Rice University physicists have made an exciting discovery in the field of quantum computing. They have found that highly sought-after immutable topological states can be entangled with other manipulable quantum states in certain materials.
“The surprising thing we found is that in a particular kind of crystal lattice, where electrons become stuck, the strongly coupled behavior of electrons in d atomic orbitals actually act like the f orbital systems of some heavy fermions,” said Qimiao Si, co-author of a study about the research in Science Advances.
This unexpected discovery bridges the gap between different subfields of condensed matter physics. In topological materials, quantum entanglement creates “protected” states that could revolutionize quantum computing and spintronics. In strongly correlated materials, the entanglement of countless electrons leads to phenomena like unconventional superconductivity and continuous magnetic fluctuations in quantum spin liquids.
In their study, Si and co-author Haoyu Hu built and tested a quantum model to investigate electron coupling in a “frustrated” lattice arrangement found in metals and semimetals with “flat bands.” These flat bands trap electrons and amplify strongly correlated effects.
This research is part of Si’s ongoing effort to validate a theoretical framework for controlling topological states of matter.

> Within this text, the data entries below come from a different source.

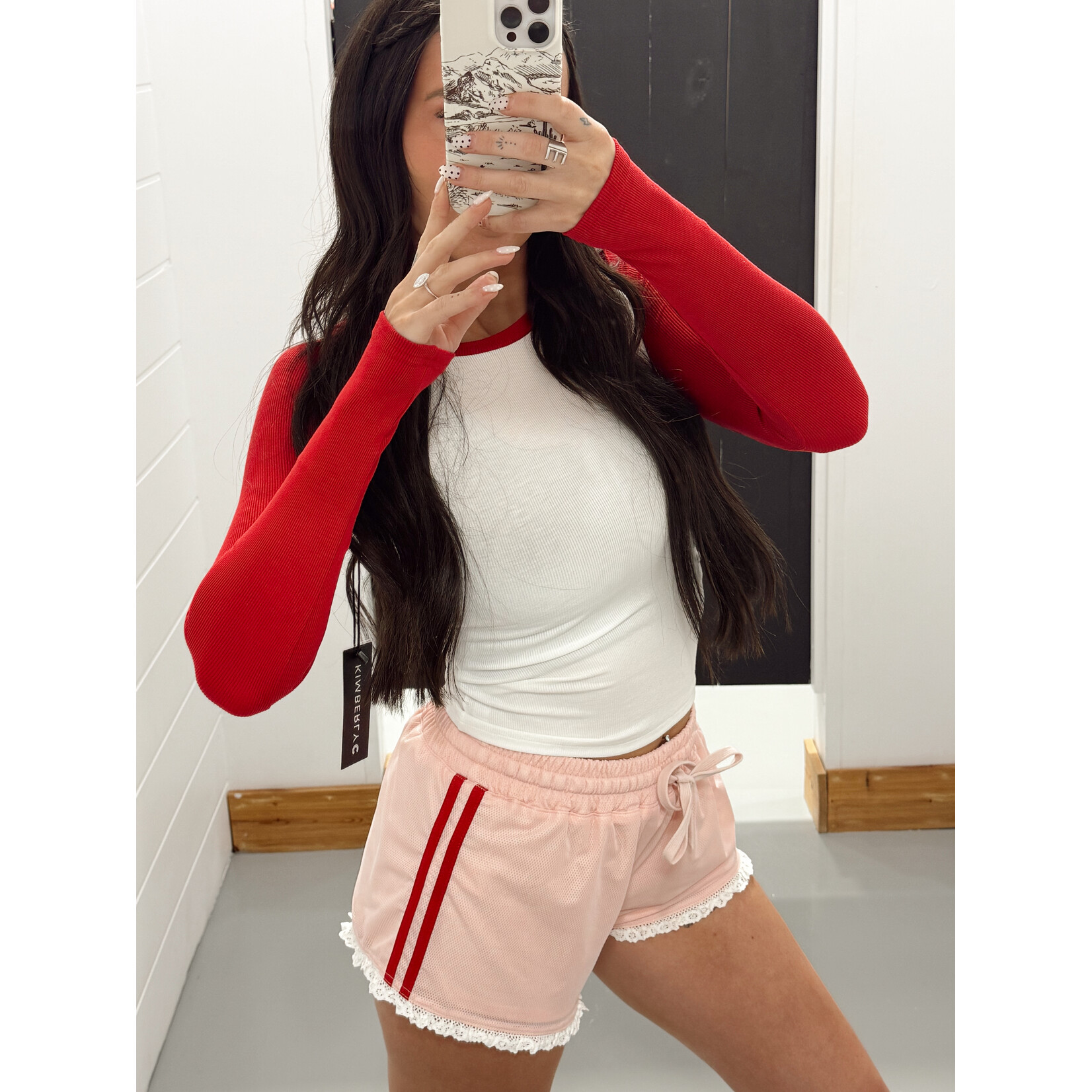 Low Waist Lace Trim Track Shorts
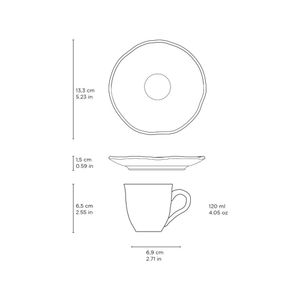 Conjunto com 6 Xícaras de Café com Pires Bio Pistache 120ml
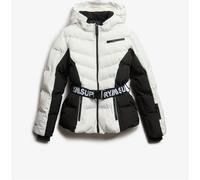 Superdry White Luxe Belted Ski Padded Jacket
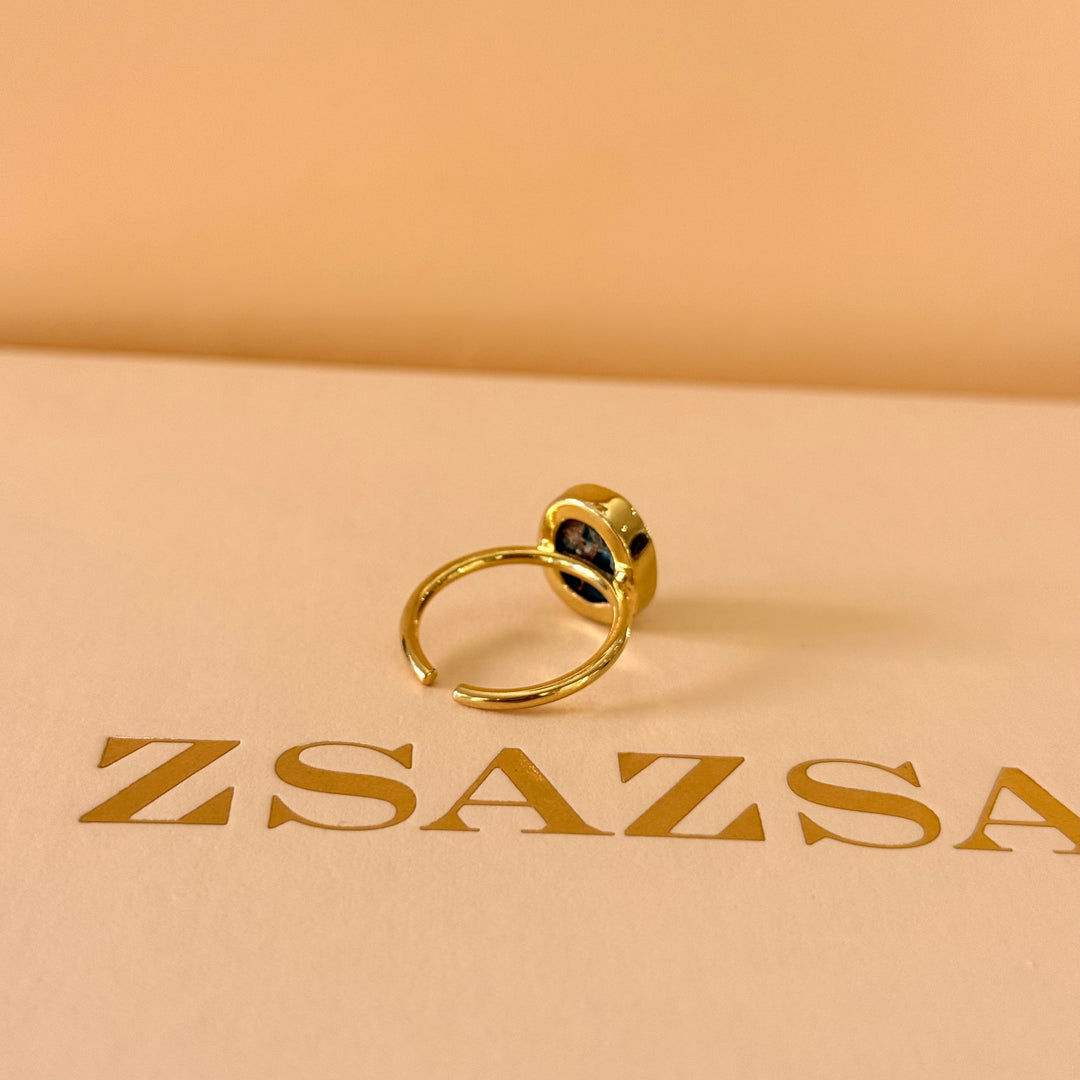 Green natural stone earrings and ring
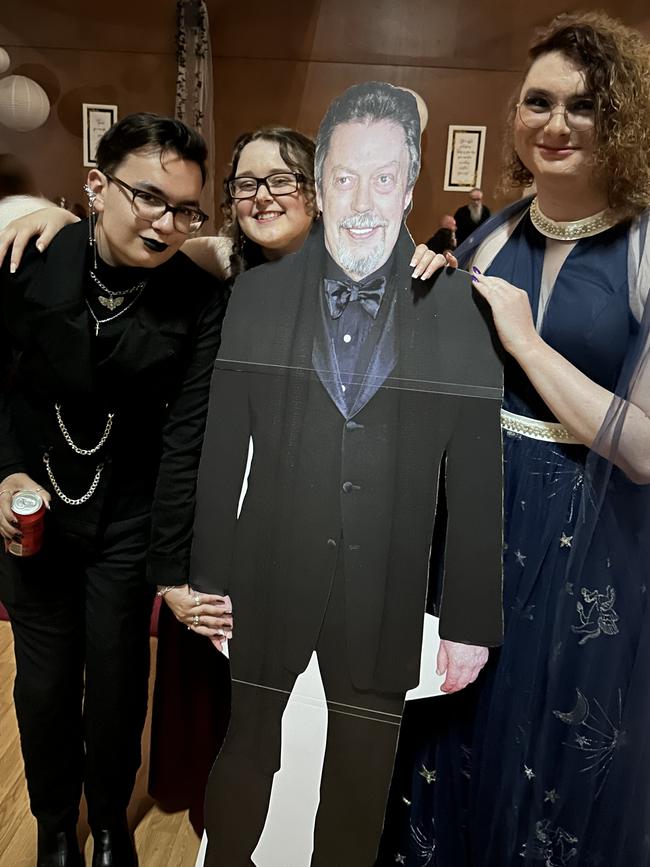 Ethan Williams, Rachael Neilsen and Kaylee Richardson enjoy the Nanango State High School 2023 formal on the night of Friday September 8, 2023.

Si and Hu demonstrated that electrons from d atomic orbitals can become part of larger molecular orbitals shared by multiple atoms in the lattice. They also showed that electrons in molecular orbitals can become entangled with other frustrated electrons, resulting in familiar strongly correlated effects observed in heavy fermion materials.
“These are completely d-electron systems,” Si explained. “In the d-electron world, it’s like you have a highway with multiple lanes. In the f-electron world, electrons move in two tiers. One is like the d-electron highway, and the other is like a dirt road, where movement is very slow.”
Si noted that while f-electron systems exhibit clean examples of strongly correlated physics, they are not practical for everyday use. “This dirt road lies so far from the highway,” he said. “The influence from the highway is very small, which translates to a minute energy scale and very low-temperature physics. Meaning you need to go to temperatures around 10 Kelvin or so to even see the effects of coupling.”
However, in the d-electron world, things couple to one another efficiently even in the presence of a flat band. Si compared it to one of the highway’s lanes becoming as inefficient and slow as the f-electron dirt road.
“Even when it has faded into a dirt road, it still shares status with the other lanes because they all came from the d orbital,” Si explained. “It is effectively a dirt road, but it is much more strongly coupled, and that translates to physics at much higher temperatures.”
This breakthrough means that the exquisite physics of f-electron systems, which Si has extensively studied, can potentially be achieved at higher temperatures, even at room temperature. Si is optimistic about the functionality of this discovery.
Si is the Harry C. and Olga K. Wiess Professor of Physics and Astronomy at Rice University, a member of the Rice Quantum Initiative, and the director of the Rice Center for Quantum Materials (RCQM).